Published on: May 4, 2026

8 min read

Atlassian will train on your data: Opt out with GitLab

Learn why Atlassian's latest move is a threat to data governance and how GitLab's approach helps ensure your customers' data stays private and protected.

Starting August 17, 2026, Atlassian will begin collecting customer metadata and in-app content from Jira, Confluence, and other cloud products to train its AI offerings, including Rovo and Rovo Dev. This announcement comes after GitHub recently changed its Copilot data usage policy. Taken together, these changes suggest opt-out-by-default is becoming the industry norm. GitLab takes the opposite position: no data collection, no AI training on customer data, no matter what tier you're on.

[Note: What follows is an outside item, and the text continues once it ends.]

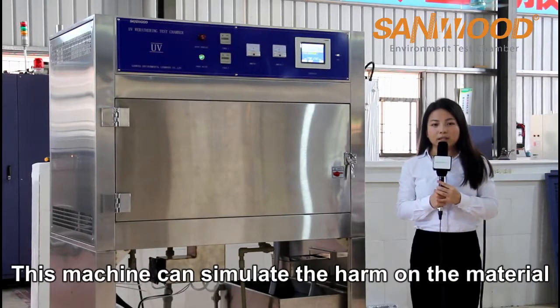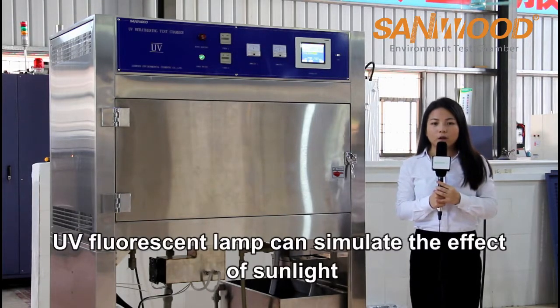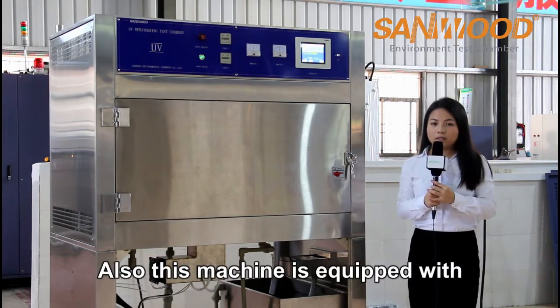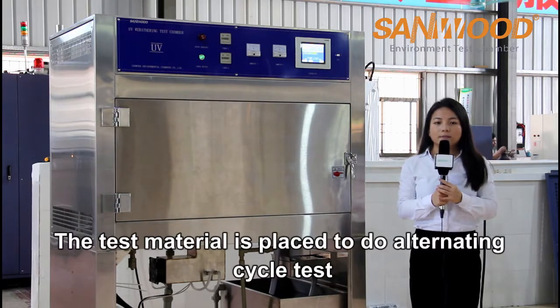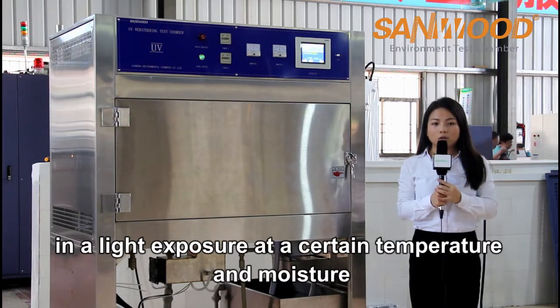This machine can simulate the harm to material caused by the sun, rain, and dew. UV fluorescent lamps can simulate the effect of sunlight. Also, this machine is equipped with a water spraying function and condensation function. The test material is placed to do an alternating cycle test in light exposure at a certain temperature and moisture.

Atlassian's change is enabled by default for all cloud customers and affects roughly 300,000 organizations. For customers on the Free, Standard, and Premium tiers, metadata collection is mandatory and cannot be turned off. Only Enterprise-tier customers have the option to opt out. This policy change deserves a close read if your engineering, IT, and program management teams run on Atlassian because they are most exposed by this change — and least likely to have been consulted before it happened.

Although the underlying governance questions are the same for both Atlassian and GitHub's changes, the data at risk is different. Where GitHub's change concerned source code and developer interactions, Atlassian's reaches into project plans, internal documentation, workflow configurations, and operational metadata across Jira, Confluence, and the broader Atlassian stack. For organizations that rely on these tools as their system of record for how work gets planned and delivered, the implications run deep.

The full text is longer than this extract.